A job vacancy became available in our company a few months ago, and we went through the normal procedures to hire a new staff. Advertisements were put in the local papers, which attracted several candidates. These were shortlisted and then interviews were duly arranged.
Of those who made it to the interview stage was a woman in her mid-thirties. Her English wasn’t as good as I had hoped, but after all we were not looking for a walking Oxford Dictionary. Sadly, just a small percentage of the Malaysian population can actually write decent English these days. Anyway, she spoke fairly fluent English, although her written work was not grammatically sound. Yet she stood out from the rest, and it didn’t take us very long to decide in her favour.
Accordingly, shortly after we’ve wrapped up the interviews with the rest of the candidates, we called her up to convey the good news. A formal letter of appointment was then drafted, offering her a job in our company, and we were looking forward to welcome her in a couple of weeks’ time.
Unfortunately, a few days later, we received news from her that she was no longer keen to work for us because she had a “better offer” from a rival company. The “better offer” in this case, as you might expect, was in terms of a slightly higher salary. We could have offered even higher if we really thought it justifiable. But not in this case. So, regretfully, we had to let the matter pass.
A few months had since elapsed, and then recently we heard from her again. Apparently, she’s not very happy with her current job, and was trying her luck with us again. She’s wondering if the job offer of several months ago is still available now. A colleague who was involved in the previous interview seemed keen to accept her. But I’m against it; and since I’m the boss, my decision prevails. This seemed a little odd, and my colleague asked me why. After all, if she was good enough for the job a few months ago, why isn’t she good enough now?
Well, it’s difficult to explain, really. You see, I’m looking for someone who wants a career, not just a job.
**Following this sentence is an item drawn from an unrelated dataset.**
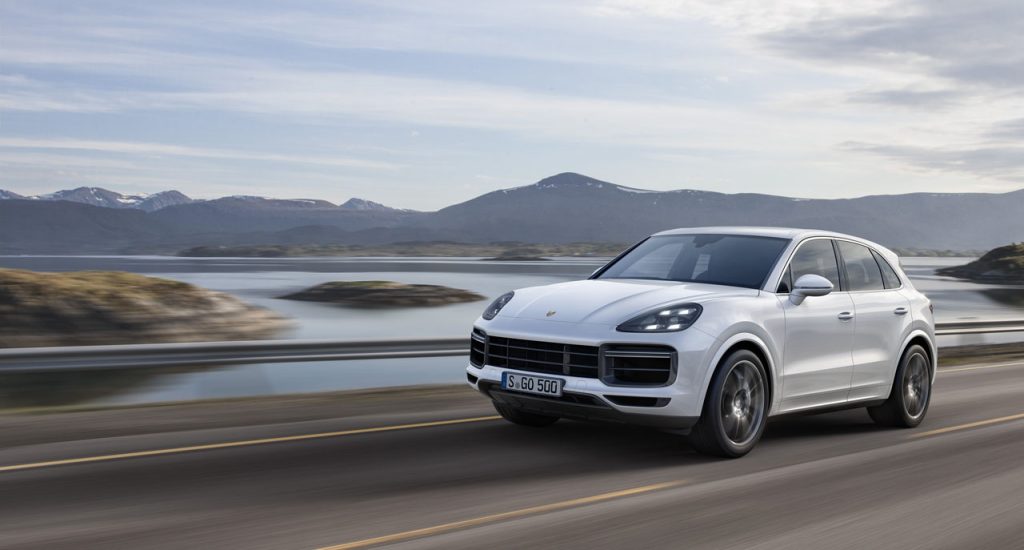 2019 Porsche Cayenne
If this person can easily change her mind because of a marginally “better offer” in Ringgit and Sen, she will resign in a heartbeat the next time she gets a marginally “attractive offer” from somebody else.
But don’t get me wrong; there is nothing wrong in seeking greener pastures. If I suddenly get a substantially better offer tomorrow, I would undoubtedly consider it. It would be ridiculous not to! But only if it’s substantial. If it’s marginal, I wouldn’t even waste my time. I’m unwilling to throw away my career for the sake of a job that offers a marginally higher income.